#### PROVIDED RECORDS

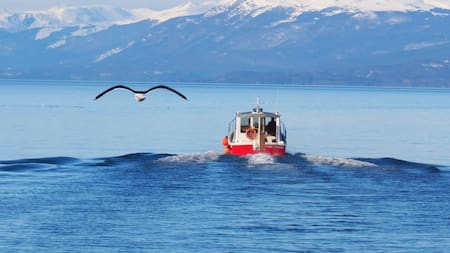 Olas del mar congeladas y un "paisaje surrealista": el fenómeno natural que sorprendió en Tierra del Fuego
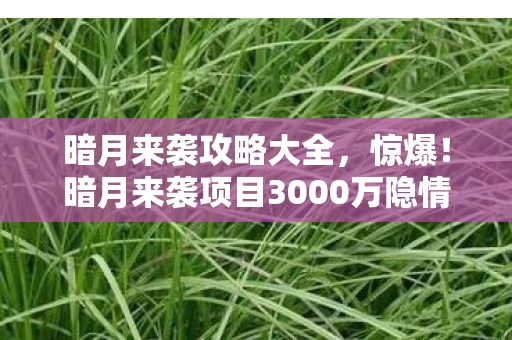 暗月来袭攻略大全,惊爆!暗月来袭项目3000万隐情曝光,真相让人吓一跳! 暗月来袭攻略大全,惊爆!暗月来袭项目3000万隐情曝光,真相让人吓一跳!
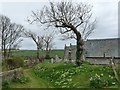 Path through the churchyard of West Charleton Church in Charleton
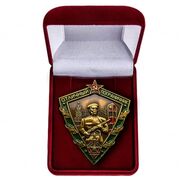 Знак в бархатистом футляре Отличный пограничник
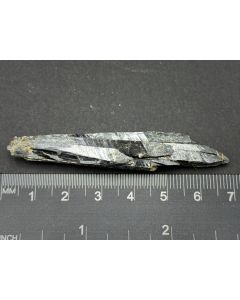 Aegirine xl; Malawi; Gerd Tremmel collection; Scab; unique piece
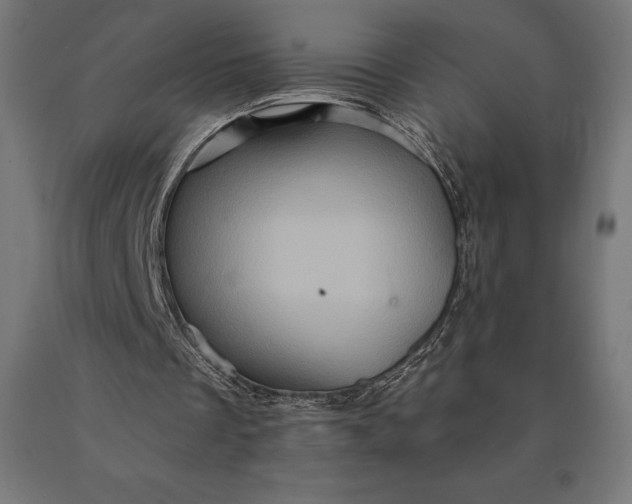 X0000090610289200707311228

########

Give back exactly the lines from the one that contains "Aegirine xl; Malawi;" to the final line of the data above, both included, with all pictures removed.

# FINISHED TASK:
 Aegirine xl; Malawi; Gerd Tremmel collection; Scab; unique piece
 X0000090610289200707311228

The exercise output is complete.